• **WORK ORDER**
Without including any images, reproduce each entry exactly.

• **STORED DATA**
-- Opening Marker --
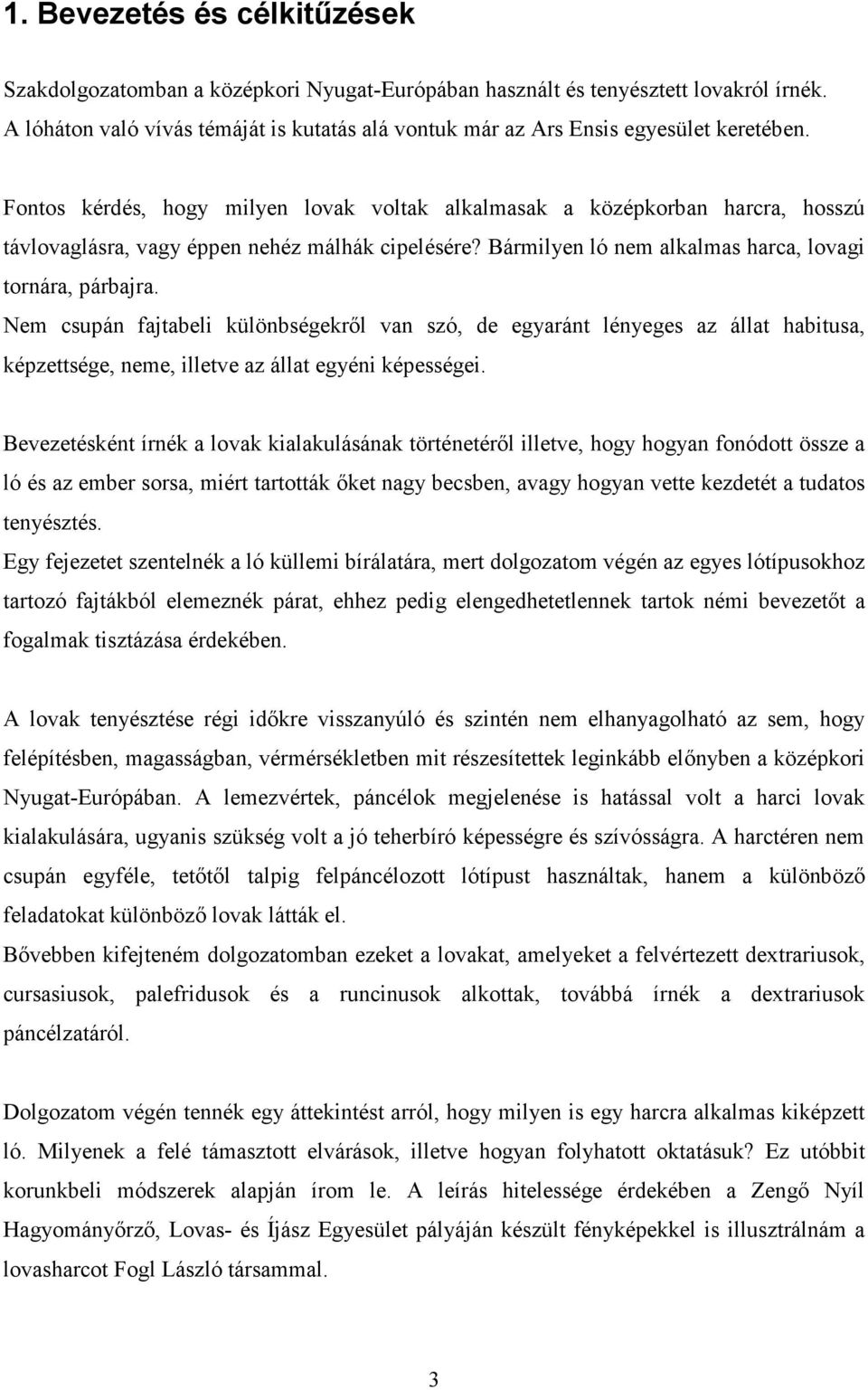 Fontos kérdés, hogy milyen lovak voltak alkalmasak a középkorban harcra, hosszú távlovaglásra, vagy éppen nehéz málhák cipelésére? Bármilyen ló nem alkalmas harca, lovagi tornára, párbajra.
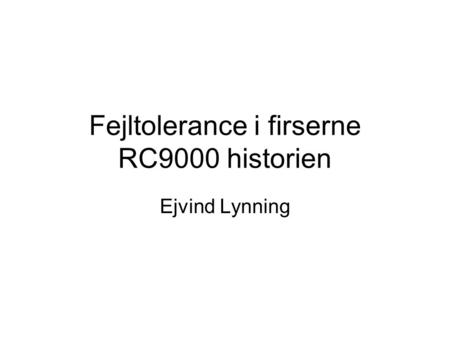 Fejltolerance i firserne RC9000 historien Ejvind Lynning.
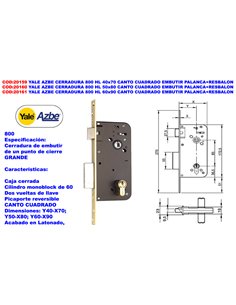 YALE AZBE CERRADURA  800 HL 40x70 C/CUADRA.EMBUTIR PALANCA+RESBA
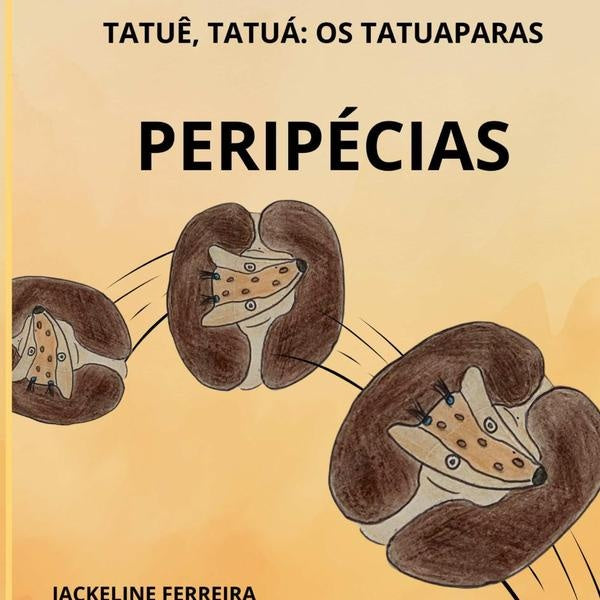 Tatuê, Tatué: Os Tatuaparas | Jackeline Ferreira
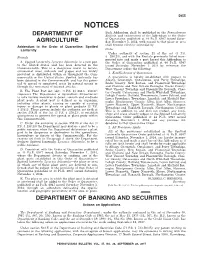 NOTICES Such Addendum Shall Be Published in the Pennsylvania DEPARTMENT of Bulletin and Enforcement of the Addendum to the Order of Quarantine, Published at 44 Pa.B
-- Closing Marker --
• **REPLY TO THE TASK**
 Fontos kérdés, hogy milyen lovak voltak alkalmasak a középkorban harcra, hosszú távlovaglásra, vagy éppen nehéz málhák cipelésére? Bármilyen ló nem alkalmas harca, lovagi tornára, párbajra.
 Fejltolerance i firserne RC9000 historien Ejvind Lynning.
 YALE AZBE CERRADURA  800 HL 40x70 C/CUADRA.EMBUTIR PALANCA+RESBA
 Tatuê, Tatué: Os Tatuaparas | Jackeline Ferreira
 NOTICES Such Addendum Shall Be Published in the Pennsylvania DEPARTMENT of Bulletin and Enforcement of the Addendum to the Order of Quarantine, Published at 44 Pa.B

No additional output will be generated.